6 cute pastel coloured sloths staring at their computer screens happy

Fine-tune & Run Gemma 3n

Jul 1, 2025 • By Daniel & Michael

Jul 1, 2025

• By Daniel & Michael

Gemma 3n are Google's new multimodal (text, vision & audio) models. Available in 2B and 4B sizes, Gemma 3n has a 32K context window, multilingual support and is now supported in Unsloth.

Fine-tune Gemma-3n-E2B for free using our Colab notebook.
Unsloth is the only framework that supports inference and training for Gemma 3n on f16 GPUs.
We uploaded all versions of Gemma 3n, including Dynamic GGUFs, 4-bit, and 16-bit versions, on Hugging Face here. Currently GGUFs only support text.
Read our detailed guide on How to Run & Fine-tune Gemma 3n here.

A big thank you to the Gemma team for their support! It was also wonderful meeting you all at our Gemma Developer Meetup with Google!

✨Gemma 3n Fixes

♾️Infinities and NaN gradients and activations

Gemma 3n, like Gemma 3, has issues running on FP16 GPUs (e.g., Tesla T4s in Colab). For Gemma 3, we found that activations exceed float16's maximum range of 65504. Gemma 3N removed the activation issue, but instead we still encountered infinities!

We instead plotted the absolute maximum weight entries for Gemma 3N, and we see the below:

We note that the green crosses are convolutional weights. You can see the magnitude is much larger than other weights. And if we inspect the activations, they go to infinity!

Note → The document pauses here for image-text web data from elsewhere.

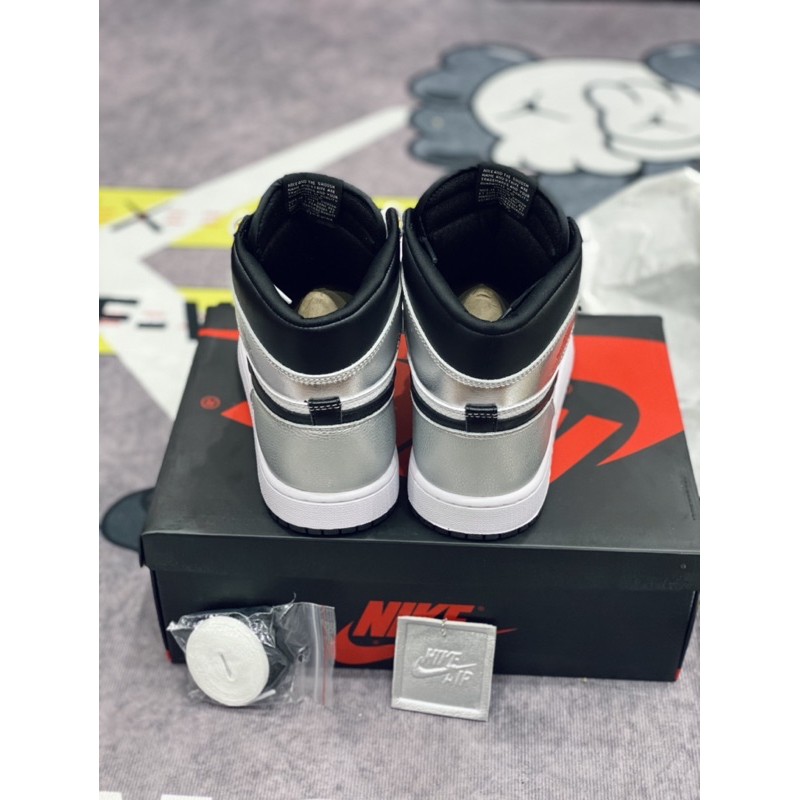 [AGsneaker] Giày thể thao JD1 cổ cao màu bạc nhũ đi đúng size... | BigBuy360 - bigbuy360.vn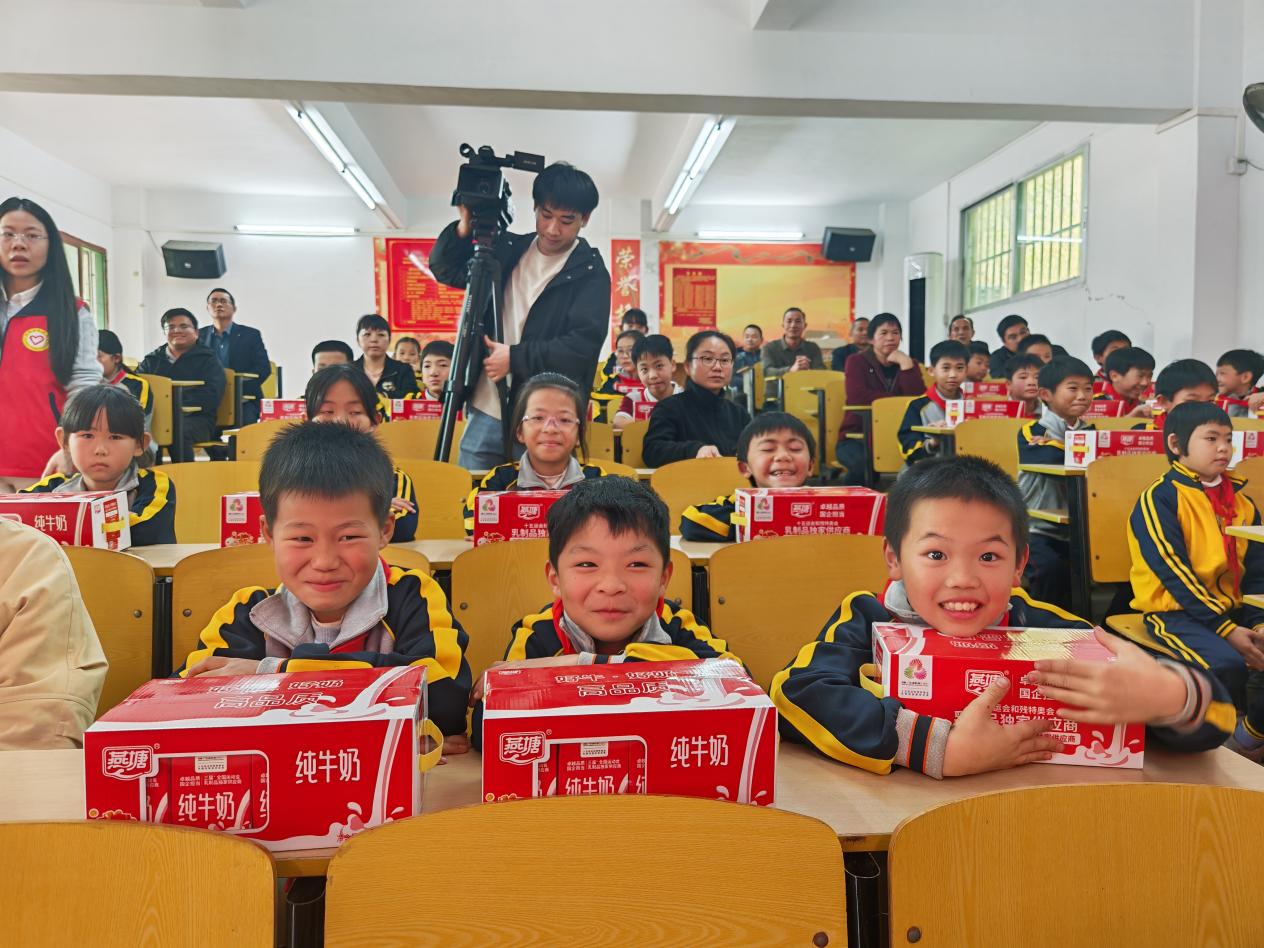 丰顺县“燕塘乳业 情暖童心”2026年关爱青少年新春送温暖活动在龙岗学举行.docx_4
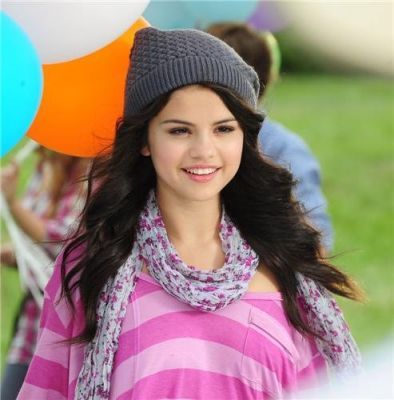 normal_161 - selena gomez 5
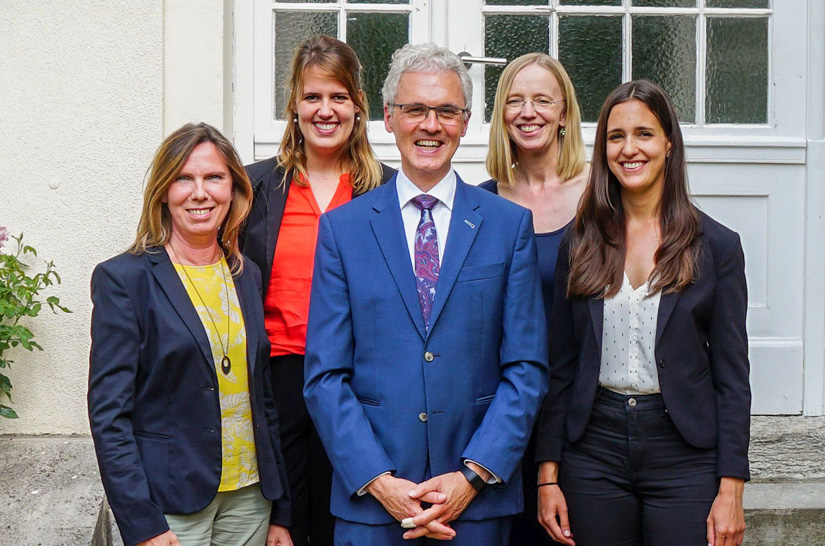 Team of the chair Marketing, Back row (from left to right): Kea Hartwig, Martina Seikat / Front row (from left to right): Sabine Scholz, Prof. Dr. Frank Jacob, Nicole Bulawa, Berlin campus, ESCP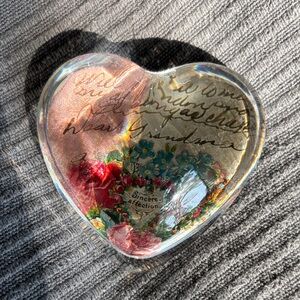 Art Glass ‘Dear Grandma” heart Paperweight: original artwork. Signed by artist.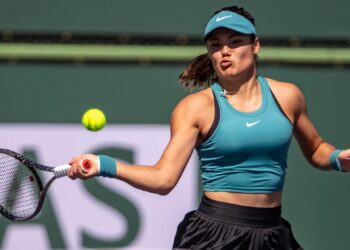 Raducanu, Swiatek win, Murray out of Indian Wells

Below is a table for Conv2D weights which have large magnitudes. Essentially during a Conv2D operation, large weights multiply and sum together, and unluckily exceed float16's maximum range of 65504. Bfloat16 is fine, since it's maximum range is 10^38.

Name	Value
msfa.ffn.pw_proj.conv.weight	98.000000
blocks.2.21.attn.key.down_conv.weight	37.000000
blocks.2.32.pw_exp.conv.weight	34.750000
blocks.2.30.pw_exp.conv.weight	33.750000
blocks.2.34.pw_exp.conv.weight	33.750000

The solution is to upcast all Conv2D weights to float32 on float16 machines! But this uses more VRAM, so instead we use autocasting to on the fly upcast weights and input matrices to float32, and do accumulations in float32.

Unsloth is the only framework that enables Gemma 3n inference and training on float16 GPUs, so Colab Notebooks with free Tesla T4s work!

🏁Gradient Checkpointing issues

We found Gemma 3N's vision encoder is unique since it re-uses hidden states. This unfortunately limits the usage of gradient checkpointing, so memory usage is a bit more than usual.
However, we still managed to leverage Unsloth's automatic compiler to optimize Gemma 3N!

🦙 GGUF issues + fixes:

Thanks to discussions from from the Ollama team and also Nguyen from Hugging Face, there were 2 issues specifically for GGUFs:

1. The add_shared_kv_layers was accidentally encoded in float32 which is fine, but is slightly complicated to decode from Ollama's side - a simple change to uint32 solves the issue.
2. The per_layer_token_embd should be Q8_0 in precision. Anything lower seems to not function properly and errors out in the Ollama engine - to reduce issues for our community, we made this all Q8_0 in all quants - unfortunately this does use more space.

As an update, Matt mentioned we can also use Q4_0, Q4_1, Q5_0, Q5_1 for the embeddings - and we confirmed it can also work in Ollama! This means once again the smaller 2, 3 and 4bit quants are smaller in size, and don't need Q8_0!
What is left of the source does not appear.